Schwäbische Zeitung (Bad Saulgau)
Rüstungsexporte in die Türkei trotz Syrienkrieg
Bundesregierung hat Lieferungen in Millionenhöhe an den Nato-Partner genehmigt
BERLIN (dpa) - Auch nach dem Einmarsch türkischer Truppen in Syrien hat die Bundesregierung Rüstungslieferungen in Millionenhöhe an den Nato-Partner Türkei genehmigt. Das geht aus einer Antwort des Wirtschaftsministeriums auf eine Anfrage des Grünen-Abgeordneten Omid Nouripour hervor. In den ersten fünfeinhalb Wochen der türkischen Operation „Olivenzweig“gegen die Kurdenmiliz YPG in Nordsyrien wurden danach 20 Exportgenehmigungen für deutsche Rüstungsgüter im Wert von 4,4 Millionen Euro erteilt.
Das ist sogar deutlich mehr als der Durchschnittswert des Vorjahres für einen solchen Zeitraum (14 Genehmigungen im Wert von 3,6 Millionen Euro). Um welche Art von Rüstungsgütern es sich handelt, ist unklar. Neben Waffen wie Gewehre, Panzer oder Raketen sind beispielsweise auch unbewaffnete militärische Fahrzeuge oder Aufklärungstechnik Rüstungsgüter.

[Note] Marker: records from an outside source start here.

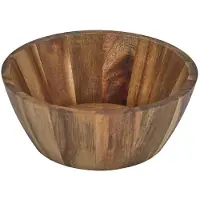 Unyqoos Elegante houten schaal van acaciahout voor salades en fruit 16 cm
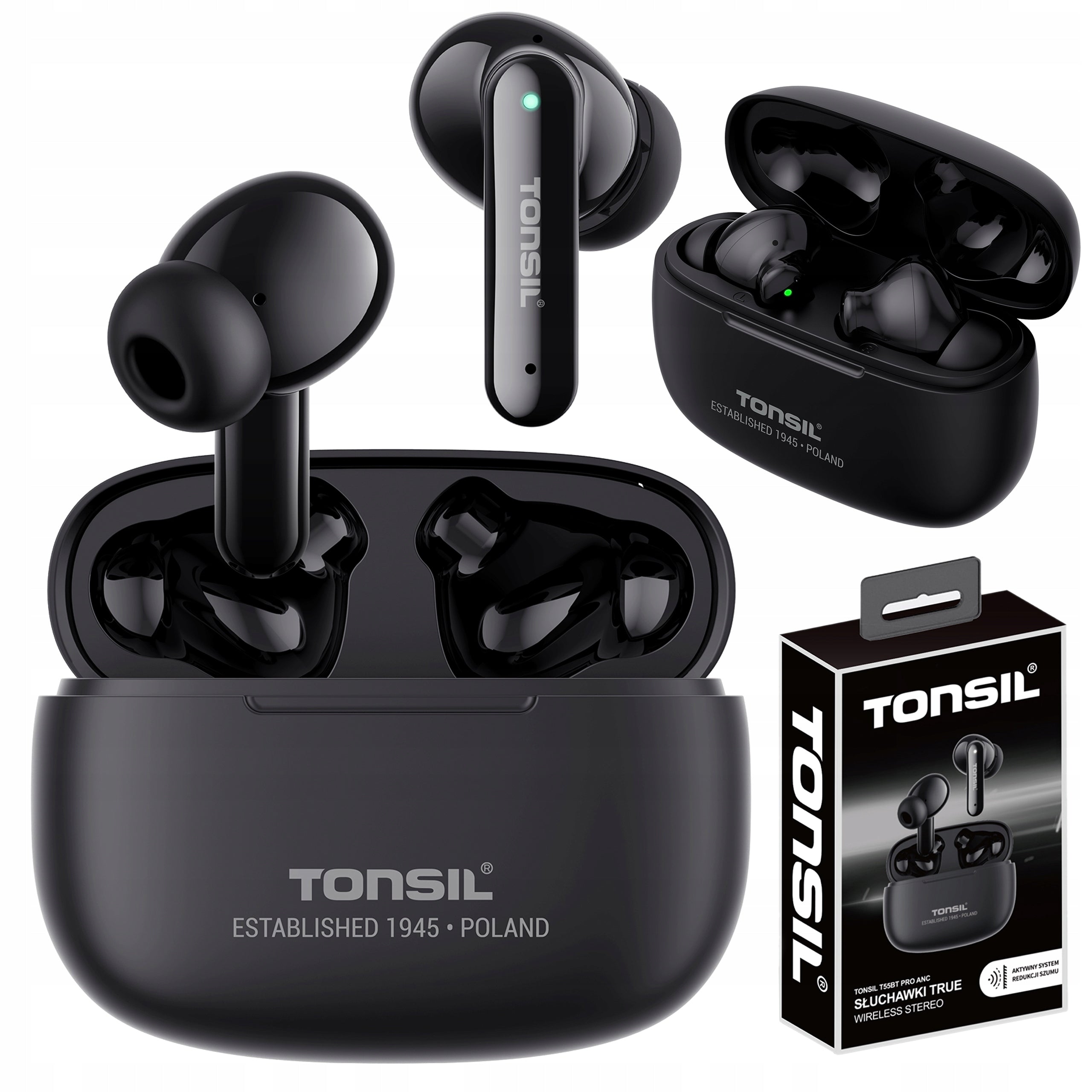 Wireless Headphones TONSIL T55 PRO ANC In-Ear BLACK BT IPX5 Bluetooth
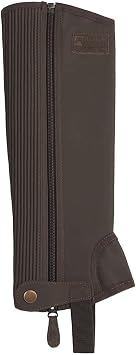 Dover Saddlery Riding Sport Kids Synthetic Suede Half Chaps with Silicone Grip Patches, Color Brown, Size Medium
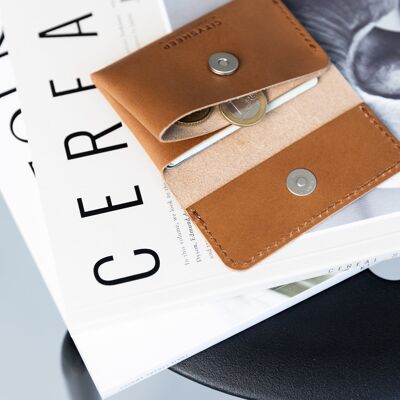 Minimalist wallet for cards, cash and coins slim and small Italian Vegetable Tanned Leather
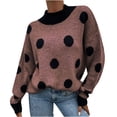 thumbnail image 2 of Chandail Tricoté à Pois Col Rond pour Femmes Mode Chandail Tricoté Haut Blouse, 2 of 5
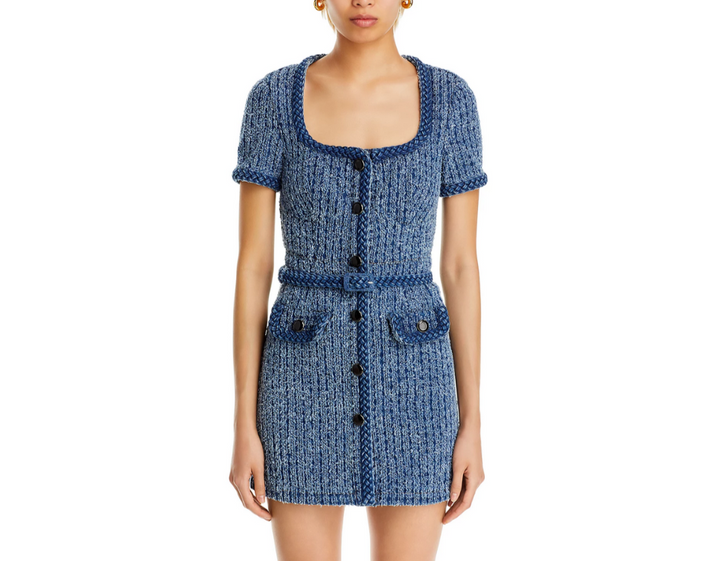 Self-Portrait Braided Trim Textured Dress MSRP $440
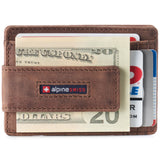 Alpine Swiss Mens RFID Safe Magnetic Money Clip Wallet Slim Front Pocket Wallet – Nubuck Tan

Der am Mittwoch ausgeschiedene Außenminister Sigmar Gabriel (SPD) hatte im Februar mehrfach versichert, dass seit Beginn der Syrien-Offensive ein kompletter Exportstopp für alle Rüstungsgüter in die Türkei gelte. „Wir haben keinerlei Rüstungsgüter geliefert wegen der Auseinandersetzung im Norden Syriens. Das ist in Deutschland verboten, selbst einem Nato-Partner wie der Türkei Rüstungsgüter zu liefern“, sagte er am 16. Februar, dem Tag der Freilassung des Journalisten Deniz Yücel aus türkischer Haft. Wirtschaftsstaatssekretär Matthias Machnig (SPD) schreibt aber in seiner Antwort vom 13. März, dass die Bundesregierung auch nach Beginn der türkischen Offensive „in Einzelfällen“Exportgenehmigungen erteilt habe. „Diese stehen entweder im Zusammenhang mit internationalen Rüstungskooperationen, in denen Deutschland an vertragliche Verpflichtungen gegenüber anderen EUund Nato-Partnern gebunden ist, oder sie dienen der Nato-Bündnisverteidigung.“Die Federführung bei Rüstungsexporten hat das Wirtschaftsministerium, das bisher von der SPD geführt wurde.
Die Opposition kritisierte die Rüstungslieferungen an die Türkei scharf. Linksfraktionschefin Sahra Wagenknecht nannte sie „völlig verantwortungslos“. Bundeskanzlerin Angela Merkel (CDU) mache sich „durch ihre Beihilfe für den türkischen Angriffskrieg mitschuldig an einem furchtbaren Verbrechen des türkischen Staatschefs Erdogan an den Kurden“, sagte sie. Der Grünen-Außenexperte Nouripour warf der Großen Koalition von Union und SPD ein Täuschungsmanöver vor. „Die Bundesregierung hat die Öffentlichkeit dreist und systematisch belogen“, sagte er.